Server network connections typically take up most of the disk space in the Analytics Platform. Device authentications and adapter invocations are the most common types of network connections that are recorded in the Analytics Platform.

When you estimate hardware requirements, it is important to take into account the number of devices that will be connecting to your server and the number of adapter invocations each device will be making.

Client logs are sent when the client app is optionally configured to collect and send logs.
By default, client logs are set to “FATAL”, which means that only crash logs are forwarded to the PMF instance. With this default setting, client logs use less space than analytics data that are created by server network connections.

Changing this level and adding custom client logs drastically affects the disk space used by client logs. With more custom logs and higher verbosity log levels, client logs can consume much more disk space (by several magnitudes) than server network connections. When you estimate hardware requirements, you must take into consideration the size client logs and the frequency of sending these logs.

Server logs, which are produced by PMF and are saved to disk, are also forwarded to the PMF by default. Server logs will have the least impact on the disk space sizing.

Purging data

On Persistent Mobile Foundation Analytics, you can configure automatic purging of data.

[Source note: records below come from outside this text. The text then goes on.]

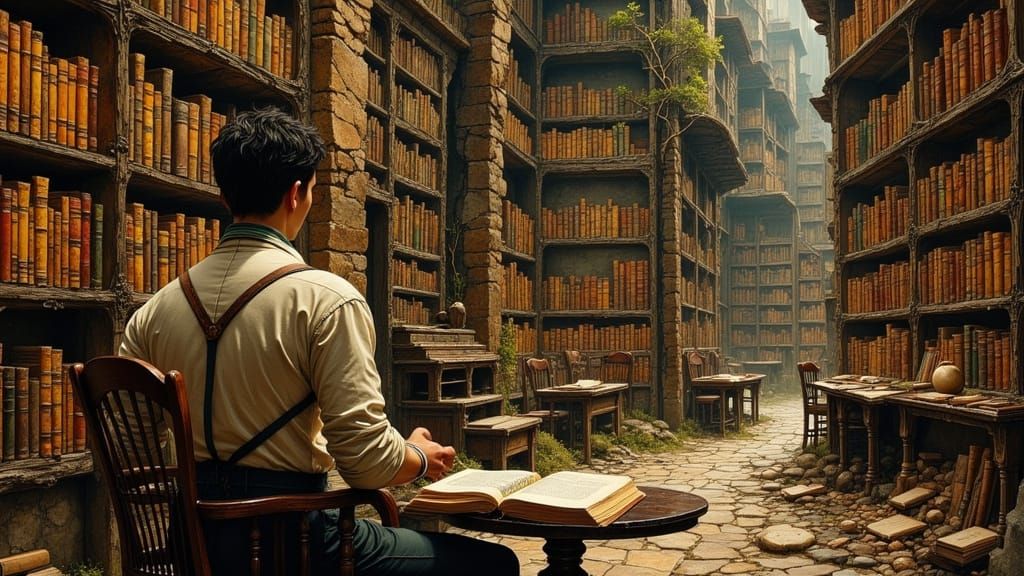 Men Absorbing Wisdom in a Mystical Bookroom
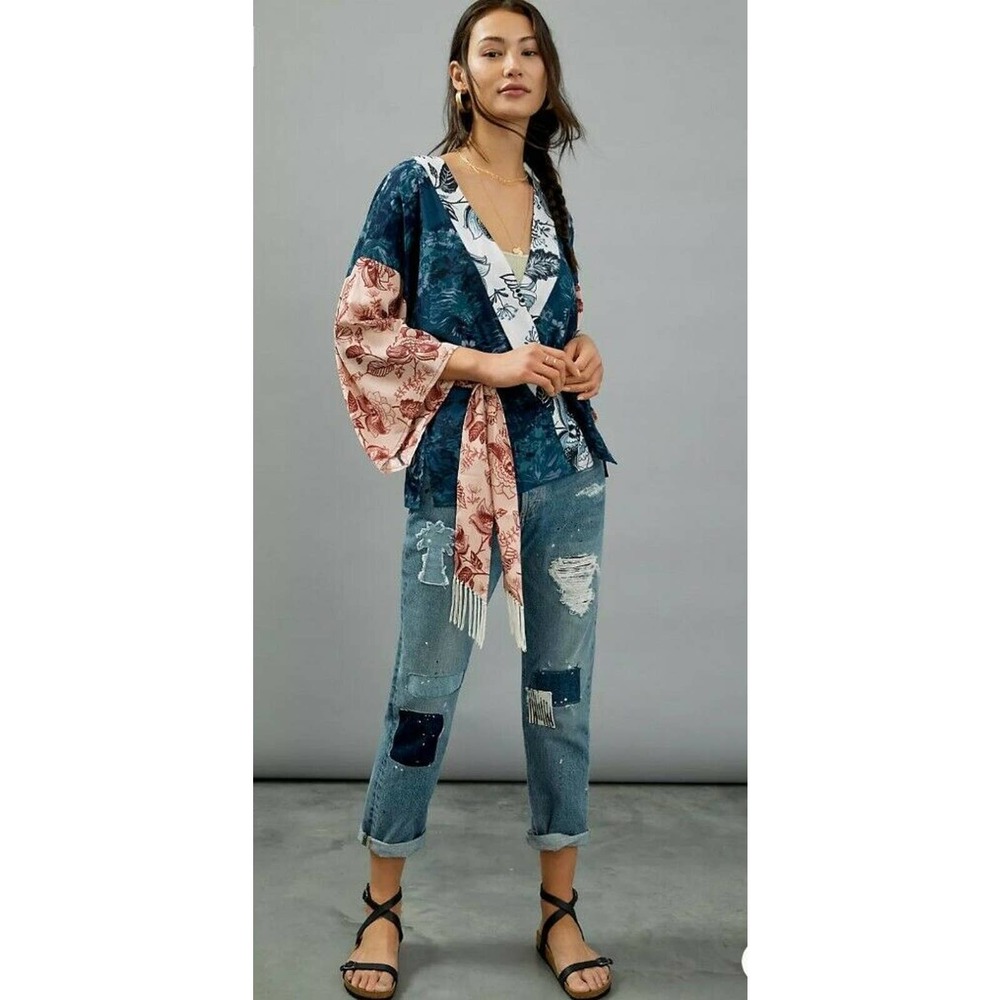Anthropologie Floral Tori Cropped Kimono One Size Missing Sash EUC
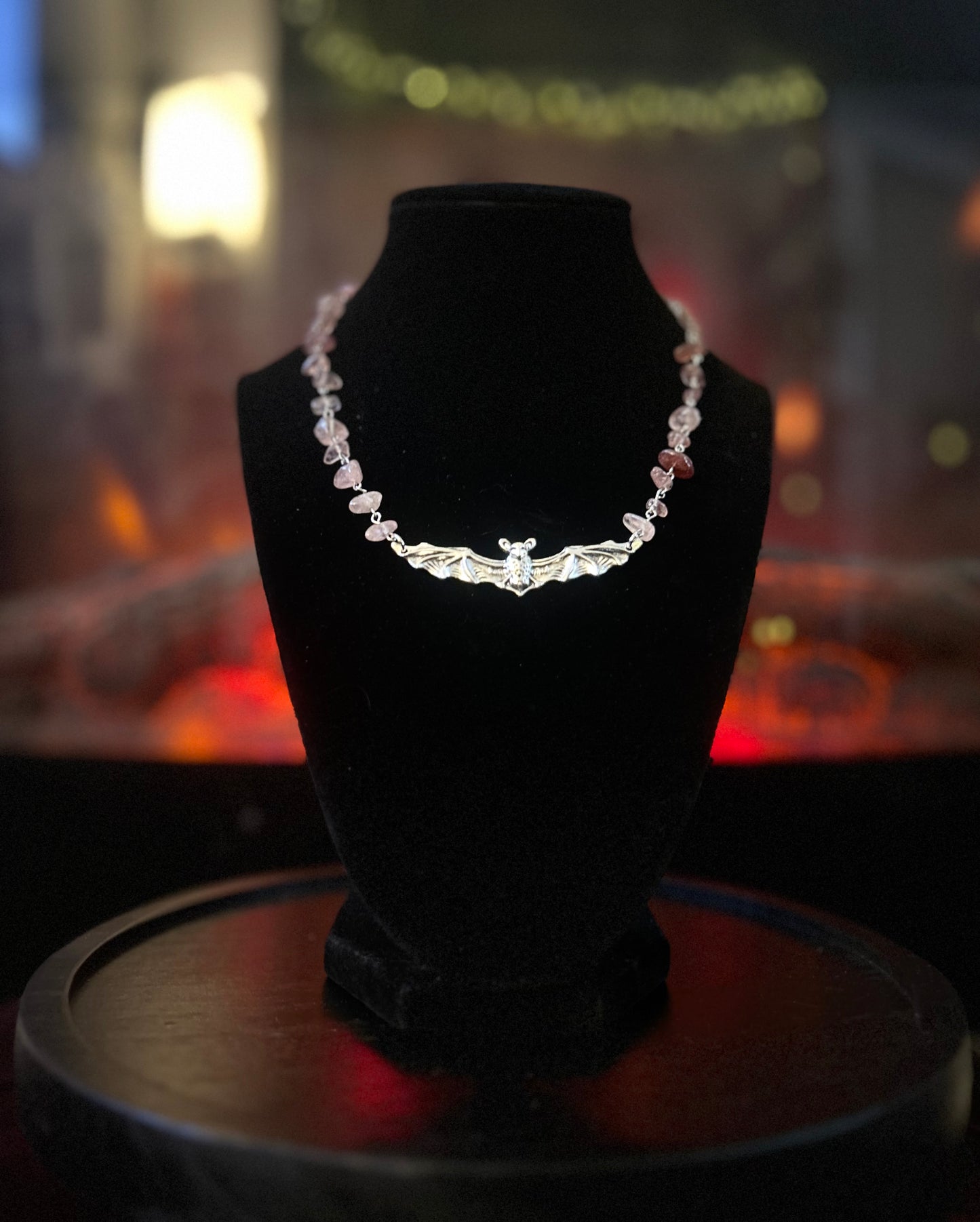 Silver Strawberry Quartz Bat Necklace!!!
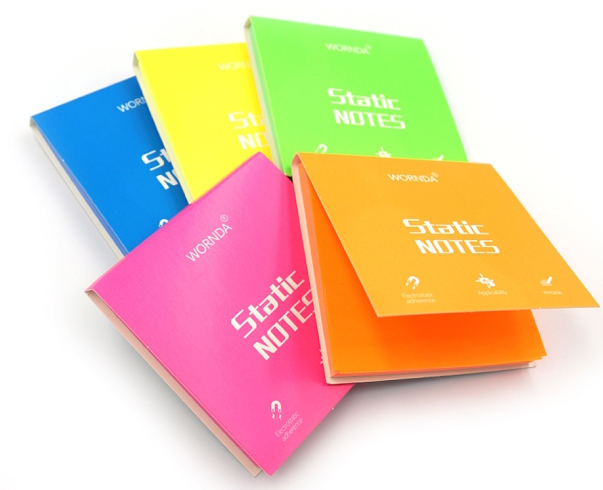 STA-03 Папір для нотаток статичний Wornda NEON 100шт., 75*75мм mix 1шт/этик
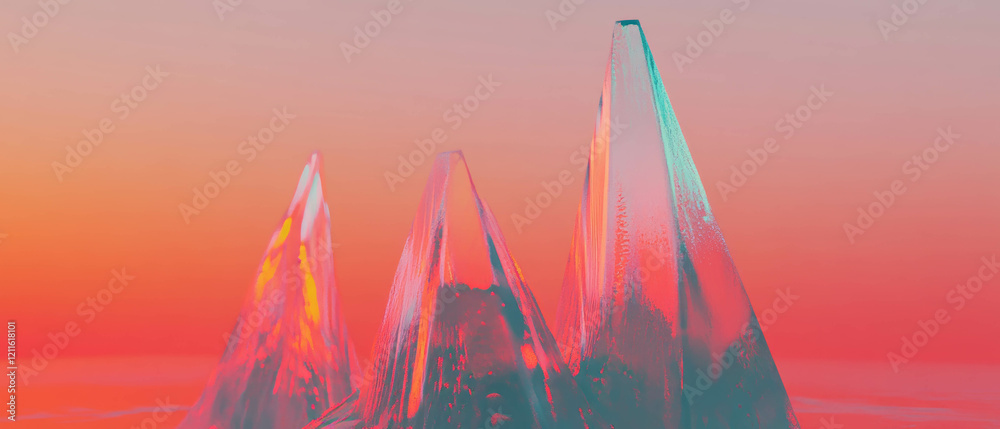 Poster Abstract design featuring sharp-edged cones in vibrant colors against an empty backdrop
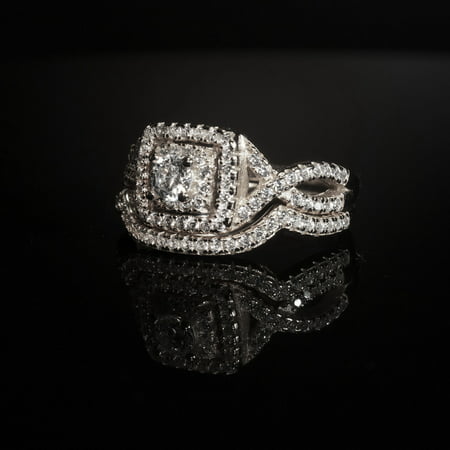 Frances Bridal Set Halo CZ Sterling Silver Engagement Ring Women Ginger LyneSterling Silver,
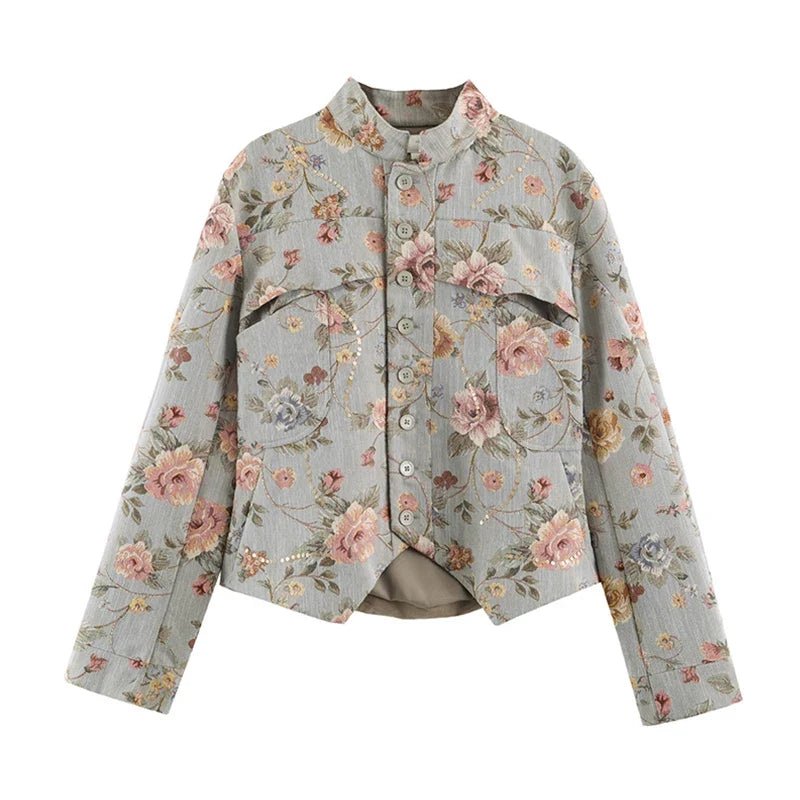 ZEYA - Anne Vintage Jacquard Cropped Jacket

For more information, see the Persistent Mobile Foundation user documentation

Different data types can be purged at different intervals. This means that if you wish to keep a year's worth of server network event data but only three weeks of log data, you can set these values separately.

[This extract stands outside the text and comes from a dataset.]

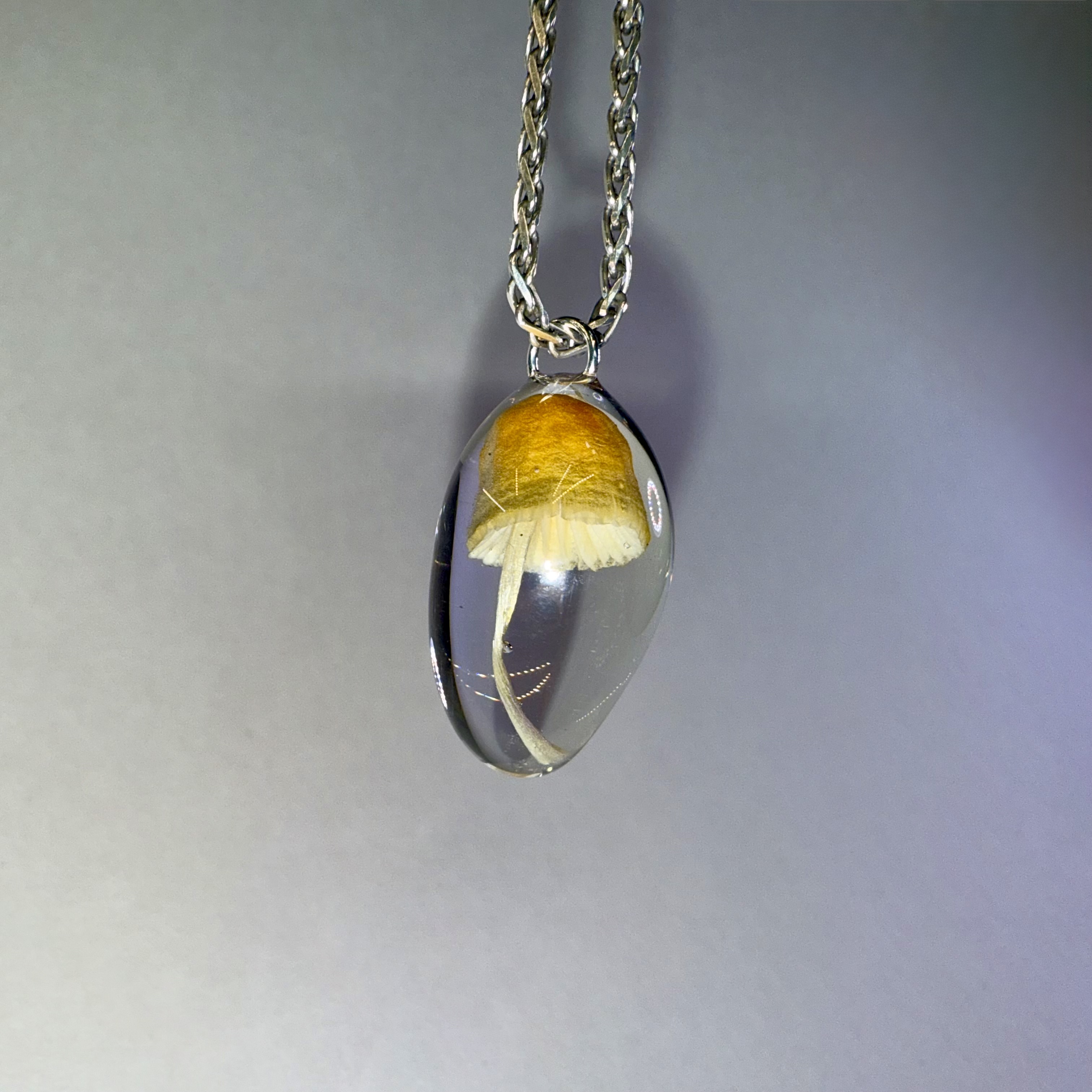Orange Mycena Pendant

Log data takes up more space than server network event data. Depending on the configured verbosity, PMF could be sending a very large amount of log data. If disk space is limited, you must consider purging data more frequently or adding nodes to your Analytics cluster.

Clustering

You can add a new node to the analytics cluster with zero downtime. Therefore, you might want to start with a single node and add nodes as necessary. The total number of nodes that you can add to the cluster is equal to the number of shards that were created when the first node was installed.

For more information about shards and how to set up a cluster, see the Persistent Mobile Foundation user documentation

Direct Update

What is Direct Update?

When the administrator redeploys an app to the PMF instance without changing its version, PMF updates the web resources folder. Then, when an app connects to PMF, the server directly pushes the web resources (HTML, JavaScript, CSS and images) of the newly deployed app to the device. The push happens only when an app contains different web resources and the same native code.

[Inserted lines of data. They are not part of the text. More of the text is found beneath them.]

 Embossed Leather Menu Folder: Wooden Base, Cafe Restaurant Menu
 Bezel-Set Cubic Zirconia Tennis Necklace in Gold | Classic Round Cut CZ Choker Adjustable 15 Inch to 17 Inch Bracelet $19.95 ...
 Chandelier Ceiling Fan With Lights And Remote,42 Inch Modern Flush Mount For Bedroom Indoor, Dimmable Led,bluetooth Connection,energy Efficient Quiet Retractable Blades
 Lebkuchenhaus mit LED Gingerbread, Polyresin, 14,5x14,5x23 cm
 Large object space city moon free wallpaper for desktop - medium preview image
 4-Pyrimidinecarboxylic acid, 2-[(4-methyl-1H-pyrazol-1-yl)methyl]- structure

Direct Update scalability challenges

When the administrator triggers direct update by redeploying an app to the PMF instance, it creates a surge of web resources download requests from the connected devices to the PMF. The IT organization has to be ready for it.

Factors that affect direct-update:

  1. # of concurrent direct-update requests. The # of downloads and especially the frequency of usage of the application (e.g. once an hour vs. once a month) will determine the number of requests the PMF can handle when the new version is pushed.
  2. Application size. There is an accumulative size limitation on the ability of the PMF to push data to clients.
  3. Difference in content. In Mobile Foundation 9.0, the difference in content between the old and the new version is also important (see below).

Direct Update lab results

An instance of PMF can push a total of 250 MB/s. As an example, if the application size is 5 MB, PMF can serve 50 direct updates per second. This means that if the cluster contains four PMF nodes, the cluster can serve 200 direct updates per second. This is the limit for a single server rather than the network limitation.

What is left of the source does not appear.